* [EXERCISE PROMPT]:
The lines from the one containing "TLOPA® MelantraX Advanced" to the end of the entries, both included, are what you need to transcribe exactly, without pictures and without anything else.

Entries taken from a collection
Segment Open
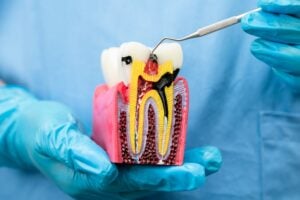 root canal model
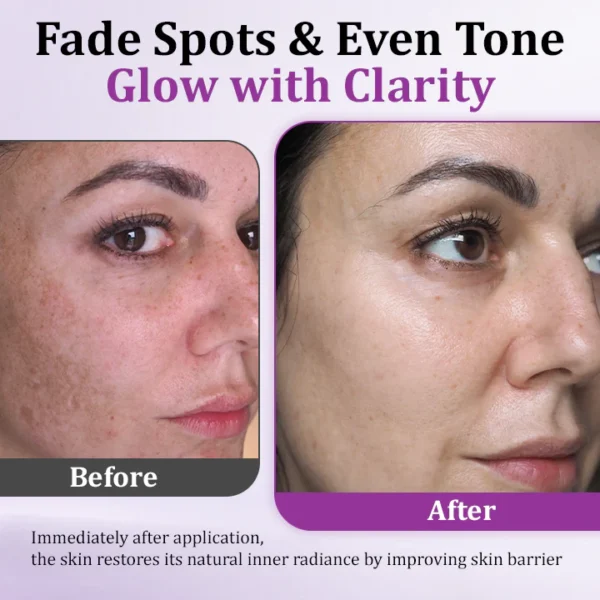 TLOPA® MelantraX Advanced Anti-Hyperpigmentation Essence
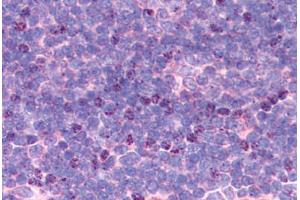 Thymus (KDM4C antibody  (AA 475-525))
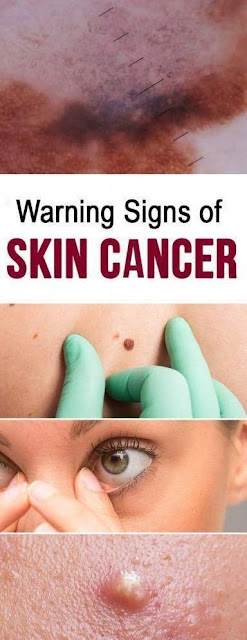 Skin Cancer Warning Signs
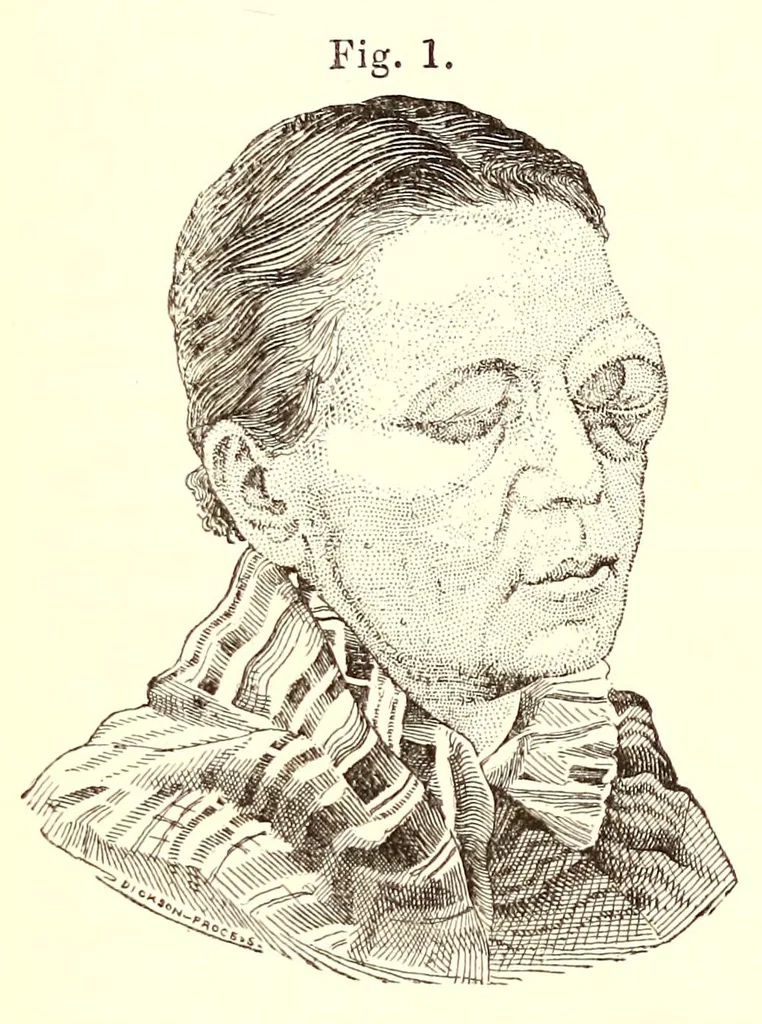 An illustration from The American journal of the medical sciences, 1827, leaf 100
Segment Closed
* [SOLUTION BELOW]:
 TLOPA® MelantraX Advanced Anti-Hyperpigmentation Essence
 Thymus (KDM4C antibody  (AA 475-525))
 Skin Cancer Warning Signs
 An illustration from The American journal of the medical sciences, 1827, leaf 100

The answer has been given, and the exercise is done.